Ouvir o nome Karol Conka hoje é vislumbrar uma artista bem-sucedida, cujo trabalho transcendeu a música, arrebentou portas que fizeram com que chegasse à televisão, à moda e onde mais seus desejos assim permitirem. Contudo, a caminhada foi longa, muito longa.
Conka demorou a ser aceita na Curitiba onde surgiu para ganhar o mundo. Até estourar nacionalmente, a artista criada no bairro Alto Boqueirão, zona sul de Curitiba, passou despercebida por grande parte do público e mídia local, o que não chega a ser novidade para os artistas curitibanos, mas certamente reverbera o fato da cantora em questão ser negra, bissexual e periférica.
Ambulante, lançado nacionalmente em novembro de 2018, coloca Karol Conka com um microfone, muitas rimas e uma enxurrada de “respostas”, além de uma dúzia ou mais de versos e melodias sensuais. Nada escapou às canetadas precisas da curitibana, que apresenta nas entrelinhas do álbum um recorte generoso sobre suas atividades desde o estrondo de Batuk Freak.
Nos últimos três anos, Conka se viu no turbilhão de acusações de supostos plágios, que teriam tanto sido cometidos pela rapper paranaense, quanto praticados contra ela. Na faixa que abre o disco, “Kaça”, Karol Conka baila e desafia quem abusa da “livre inspiração” (termo utilizado com frequência no universo das artes para designar plágio) sobre sua obra. “Pode até tentar me imitar”, canta Conka, que afirma com veemência ser “original sem cópia”.
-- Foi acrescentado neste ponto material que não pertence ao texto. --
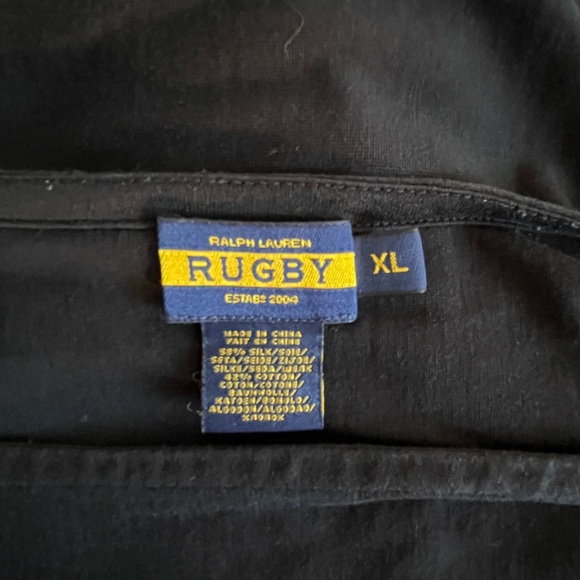 Ralph Lauren “Rugby” black cotton top with crunched sleeves, sz XL - Picture 3 of 4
Conka é uma bandeira hasteada e que faz alarde. A cara de muitas lutas sobre pautas identitárias, a rapper brinca tanto com quem se aproxima para fazer usufruto do que ela representa, como com quem a questiona. Duramente criticada quando assinou uma coleção de bolsas em parceria com a grife Soleah, ela não desce do salto para fazer de “Bem Sucedida” uma saraivada de alfinetadas. “Mentes mal educadas se contentam com migalhas, enquanto eu e minha negrada tamo no topo da parada”, rima a curitibana, sobre uma densa e poderosa melodia.
Conka é uma bandeira hasteada e que faz alarde. A cara de muitas lutas sobre pautas identitárias, a rapper brinca tanto com quem se aproxima para fazer usufruto do que ela representa, como com quem a questiona.
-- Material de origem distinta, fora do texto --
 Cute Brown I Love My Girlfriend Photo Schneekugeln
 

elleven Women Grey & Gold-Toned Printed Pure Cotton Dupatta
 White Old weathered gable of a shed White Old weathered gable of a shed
Dali em diante, o clima de Ambulante muda. Karol Conka ainda desce a letra para mandar recados (no plural mesmo, pois são vários), tecer diálogos com seu público, porém o ritmo passa a fluir em outro compasso. Entre o pop dançante e batidas eletrônicas sensuais, é possível entreouvir influências como a de Rihanna, por exemplo. Tudo parece calculado: melodia, rimas, flow, de forma que a mensagem de Conka assuma diferentes variantes, mantendo-se sob o guarda-chuva do empoderamento, da libido, do corpo, da negritude, do feminino (e do feminismo).
Se o vogue de Karol parte do que está à margem, ou do que por sua condição social assim é visto, seu domínio é exercido com uma força desmedida, uma resposta ao julgo sob o qual essa potência periférica já foi – e ainda é – assombrada. A ironia, talvez, seja brincar na mesma medida, sem pudores ou meias palavras.
Com tanta pungência rítmica e verbal, Karol Conka se desvencilha das sombras dos que só falam, como versa em “Você Falou”, faixa que encerra Ambulante, numa explosão catártica para um registro que se propôs navegar as mais profundas camadas da mente deste ébano das araucárias. Entrou pelo rádio, nos tomou, e ninguém viu – mas todo mundo, ao que parece, ouviu… e gostou.